Der Aufstand gegen den Hass.
Gedanken zum Weihnachtsfest 2003

Unsere Heilkräfte reichen nicht aus, die Wunden dieser Welt zu schließen.
Die großen nationalen und internationalen Hilfsorganisationen, die politisch-diplomatischen Befriedungsbemühungen, die militärischen Einsätze und die verschärften Sicherheits-bestimmungen kommen an ihre Grenzen.
Man findet keine politischen Lösungen, wenn blinder Hass und Zerstörungswut um sich schlagen. Man kann mit militärischer Macht keinen abgrundtiefen Hass aus den Herzen der Menschen herausreißen. Noch so ausgeklügelte Sicherheitssysteme bleiben anfällig und können einen Terrorismus nicht abwehren, der aus dem Nichts zuschlägt.
Und die Botschaft von Weihnachten lautet - einmal nicht mit biblischen Worten gesprochen:
Eine Welt, die sich selbst durch die Hölle jagt, wird in einem Paradies des Friedens enden.
Das sind großspurige Worte, woran soll man sie messen?
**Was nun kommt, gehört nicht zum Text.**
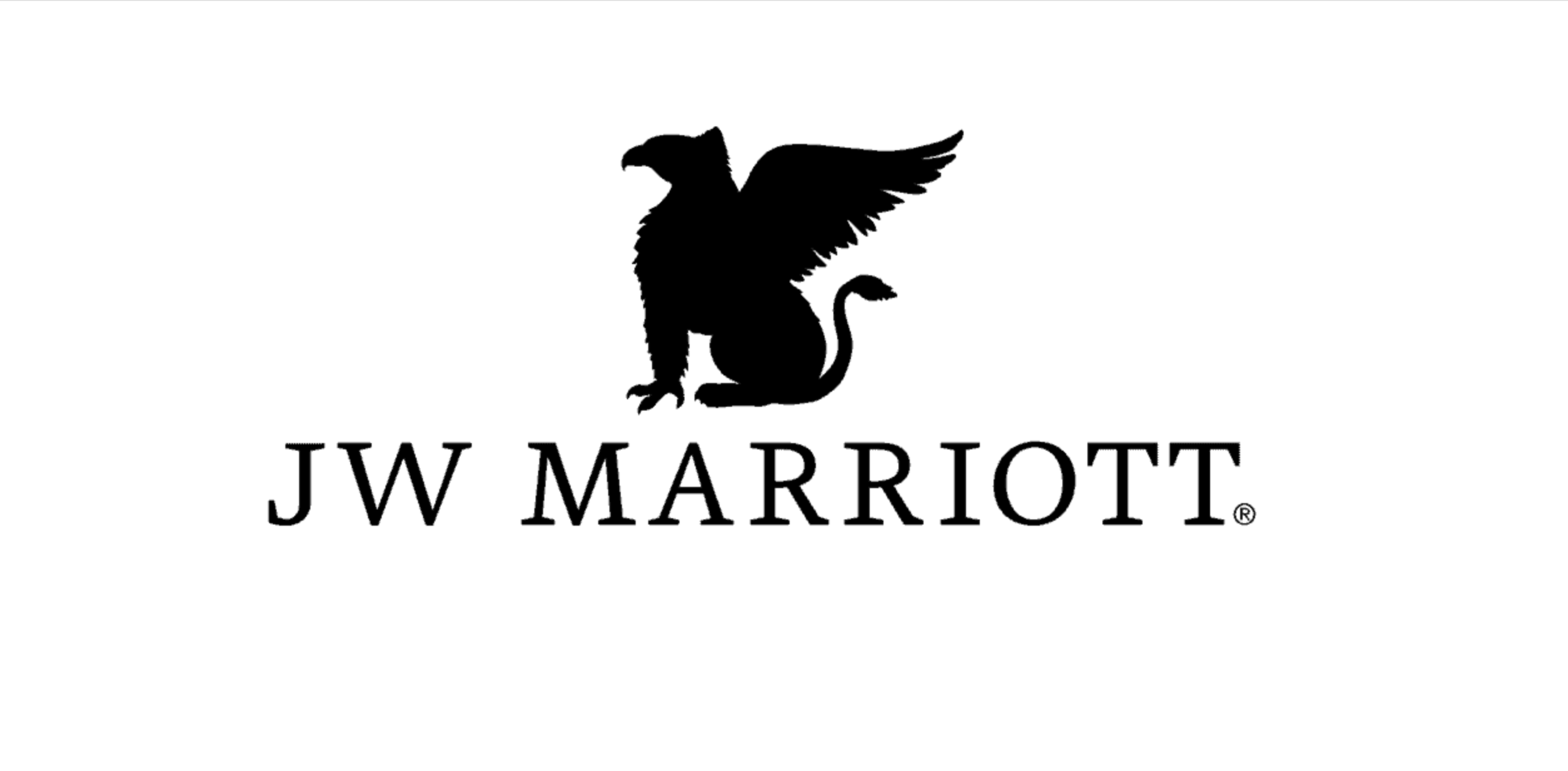 Black logo of a griffin with a lion's body and an eagle's head, wing, and talons, above the text 'JW Marriott'.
In die Weltgeschichte, die von Menschen geschrieben wird, ist die Heilsgeschichte, die Gott schreibt, eingeflochten, d.h. Die Verheißungen Gottes werden immer wieder in der fortschreitenden Menschheitsgeschichte aktualisiert. Erfüllen und Einlösen bezeichnen einen Prozess, der nicht mehr umkehrbar ist. Erfüllen und Einlösen sind Garantieworte. Sie stehen für Ereignisse in der Heilsgeschichte, die sich in unsere Weltgeschichte eingeprägt haben.
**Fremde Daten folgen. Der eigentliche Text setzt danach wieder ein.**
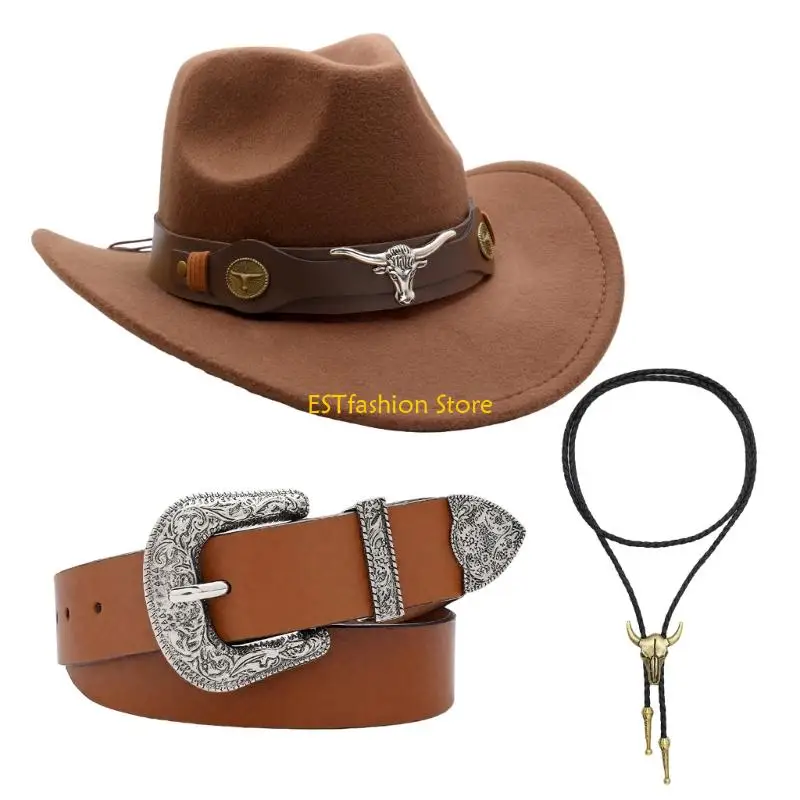 Y5GC Halloween Cowgirl Costume 3Pcs Cosplay Dressing Up Parties Stage Performances Western Cowgirl Outfits for Adults Gifts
In der Menschwerdung Gottes in Jesus Christus ist jetzt schon erfahrbar, was die Säulen in einer Heilsherrschaft sind: Versöhnungsstiftende Liebe, Gerechtigkeit und Frieden, Hoffnung auf das Leben in Fülle, wo Bosheit und Falschheit, Hass und Misstrauen keinen Platz mehr haben.
In Jesus erweist sich Gott als Retter, Wohltäter, Menschenfreund, Erlöser und Heiler. Dabei konzentriert sich die Erlösung auf die Rettung aus dem Fangnetz des Bösen und des Hasses, eine Befreiungsaktion, die letztlich nach biblischer Überzeugung allein Gott zukommt.
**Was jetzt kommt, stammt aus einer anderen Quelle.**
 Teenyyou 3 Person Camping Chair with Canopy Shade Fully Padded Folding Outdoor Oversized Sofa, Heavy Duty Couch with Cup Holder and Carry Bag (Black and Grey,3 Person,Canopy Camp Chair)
Der durch Hass und Misstrauen vergifteten Menschheit hält Gott auch heute das Zitat entgegen, das im Prophetenbuch Hosea zu lesen ist: "Wie könnte ich dich je preisgeben Efraim (Gesamtbezeichnung der Nordstämme im Staat Israel)? Das bedeutet, Gott kann sein Volk nicht mehr aufgeben, weil er der Garant der Liebe ist. Gott muss erfüllen und einlösen, was er mit seiner Liebesgeschichte begonnen hat.
Die Liebesgeschichte Gottes mit Israel, bzw. mit der heutigen Menschheit, ist der Aufstand gegen den Hass. Was Gott an Weihnachten mit Jesus begonnen hat, ist das Herabkommen des Reiches Gottes in unsere Weltgeschichte hinein.
Damit beginnt die Wirkungsgeschichte der Gewalt- und Hassbändigung, die Gott aber nicht an uns vorbei durchführen will. So schafft Gott jetzt schon mit allen Menschen, die guten Willens sind, ein Klima, in dem der Dienst liebender Versöhnung Früchte tragen kann und eine Atmosphäre, in der Gewalt und Hass zurückgedrängt werden.
In den von Misstrauen, Hass und Terror verseuchten Zonen gibt es nach der Zerschlagung von Friedensprozessen immer auch die Wiederauferstehung der Friedensbemühungen. Sie sind jetzt schon Bausteine zum Haus des Friedens, das einmal als erfüllte und eingelöste Verheißung Gottes von der Menschheit bewohnt wird.